Current Business Owner and ADA Accessibility: Accommodate Customers

Current Business Owner and ADA Accessibility requires taking a proactive approach to addressing the accessibility of your business/property and will enable you to foster relationships with potential customers or clients. As your ADA Consultant in the Jacksonville and Orlando areas, this is how we promote inclusion.

CURRENT OWNER: Why should I worry about ADA compliance as I have owned my business for several years?

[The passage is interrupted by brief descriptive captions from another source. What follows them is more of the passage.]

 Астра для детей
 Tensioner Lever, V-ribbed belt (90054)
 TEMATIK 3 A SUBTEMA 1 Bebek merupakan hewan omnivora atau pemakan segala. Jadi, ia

1Building age: Existing facilities, regardless of age, which were not compliant with the 1991 Standard, must come into compliance with the 2010 Standard.  There is no grandfather clause for older buildings; however, there are accommodations for registered historic buildings and churches.

 

2

Alterations/ modifications done: Remodeling, renovation, structural changes, wall changes, reconstruction, historic restoration or other building modification requiring a permit is an alteration.  The ADA does not consider normal maintenance, re-roofing, painting, wallpapering, asbestos removal, or changes to electrical and mechanical systems to be alterations unless they affect usability. According to the ADA requirements, when altering a primary function area, the Path of Travel elements supporting this space are required to be altered as well. What does this mean? This means the continuous route connecting the altered area to an entrance, including phones, restrooms, and drinking fountains that, where provided, serve the altered area are to be made accessible as well. This may, in fact, involve modifications outside of the altered area.

3

Implementation/ remediation plan: Business owners, in order to prevent disruptive lawsuits, should understand barrier removal and the advantages of having an implementation/ remediation plan. Click here to LEARN MORE about the 2017 Florida Statute 553.5141 which aids a current business owner and ADA accessibility.

 

Businesses cannot afford to be out of ADA compliance. Private individuals may bring lawsuits in which they can obtain court orders to stop discrimination and file for damages. Individuals may also file complaints with the Attorney General, who is authorized to bring lawsuits in cases of general public importance or where a pattern or practice of discrimination is alleged.

Types of simple changes for compliance:

      • Automatic door closers
      • Installation of handrail extensions
      • Upgrade van accessible spaces to one in six versus one in eight with compliant signage
      • Grab bars
      • Ramps
      • Accessible upgrades to swimming pools such as pool lifts, sloped entries, transfer walls/systems.